UNIVERSITY PARK, Pa. -- For many, the term "academic integrity" may be synonymous with preventing cheating, but a recent workshop on campus showed faculty there's more to creating an ethical classroom than just preventing cheating.

Sponsored by the Leonhard Center for the Enhancement of Engineering Education, the Creating the Ethical Classroom Initiative, which took place on July 22 and 23, was designed to help participating faculty members teach students about the importance and relevance of academic and professional integrity.

Andy Lau, associate professor of engineering design and a member of the College of Engineering's academic integrity committee, said of joining the workshop, "I felt I wasn't doing enough to help students, to help them see that integrity is important."

Seventeen faculty members from aerospace engineering, agricultural and biological engineering, architectural engineering, bioengineering, electrical engineering, engineering design, engineering science and mechanics, industrial engineering and the Women in Engineering Program, participated, as well as faculty from the colleges of Earth and Mineral Sciences, Education and Science.

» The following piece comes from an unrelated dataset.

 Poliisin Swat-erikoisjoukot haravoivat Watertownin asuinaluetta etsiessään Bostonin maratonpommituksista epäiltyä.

The faculty examined what integrity and ethics mean and how they could better incorporate those concepts into their respective classes.

"These are things we all aspire to embody," said course instructor Tricia Bertram Gallant of integrity. An international expert on academic integrity, Gallant has authored three books on the subject and serves as the director of the University of California at San Diego's academic integrity office and an advisory council member of the International Center for Academic Integrity.

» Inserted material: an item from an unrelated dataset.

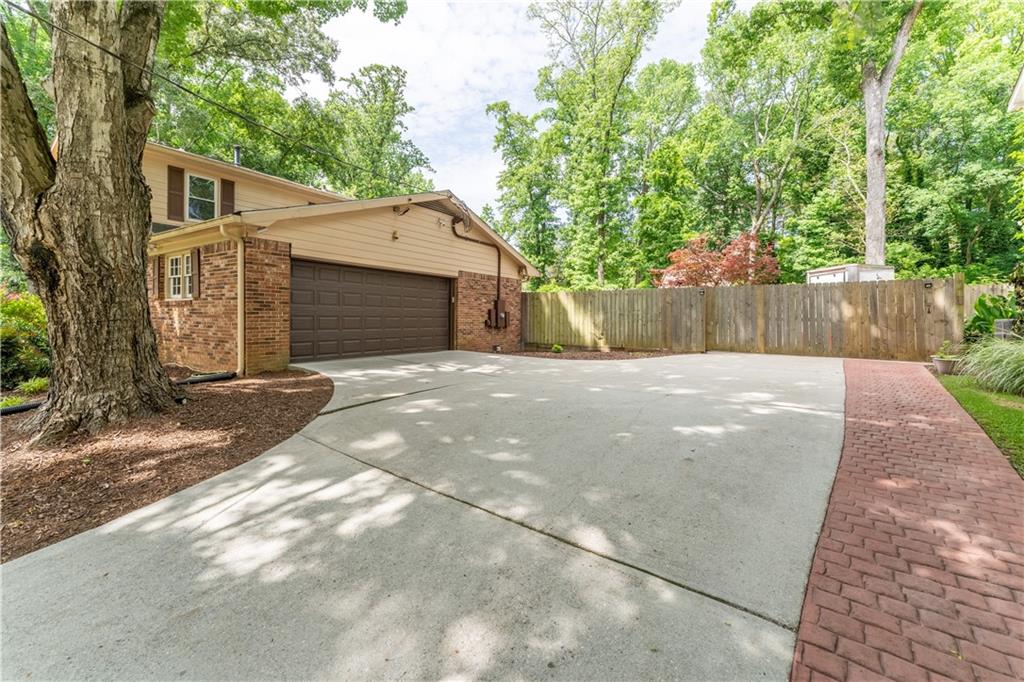 1652 Weymouth Court, Tucker, Georgia image 3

Teaching about integrity and ethics goes beyond admonishing students not to cheat. Instead, Bertram Gallant advises faculty to rethink their approaches to teaching and assessment to better support ethical behavior and decision making by their students.

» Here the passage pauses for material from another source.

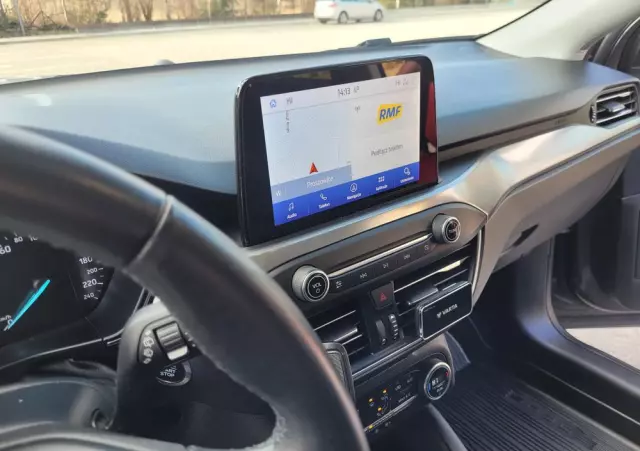 FORD Focus Turnier 1.0 EcoBoost Start-Stopp-System TITANIUM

In the end, it's more than simply knowing right from wrong, Bertram Gallant stated. "Decision making is a skill."

As part of the workshop, the faculty drafted plans for altering their course components to reduce cheating and enhance integrity, developed "integrity talks" for their teaching and learned how to respond to cases of student cheating when discovered, including how to effectively talk with the student.

Sarma Pisupati, associate professor of energy and mineral engineering called the workshop "preventive medicine." He said, "This really helped me look at my own practices."

For many of the faculty, the workshop dispelled the notion that integrity and ethics in the classroom meant stopping cheaters.

"I always thought of academic integrity as something uncomfortable to talk about with my students," said Megan Marshall, an instructor in agricultural and biological engineering.

But, said Christine Masters, associate professor of engineering science and mechanics, "I'm leaving with a much more empowered sense of including academic integrity in my classroom."

Although the workshop itself lasted for only two days, the participating faculty plan to get back together later this summer and throughout the academic year to discuss their progress in better integrating academic integrity and ethics into their courses.

Moses Ling, associate professor of architectural engineering, added, "I signed up for this thinking what I would do with my students, but after reading the material and workshop, I'm thinking more about what I do with me."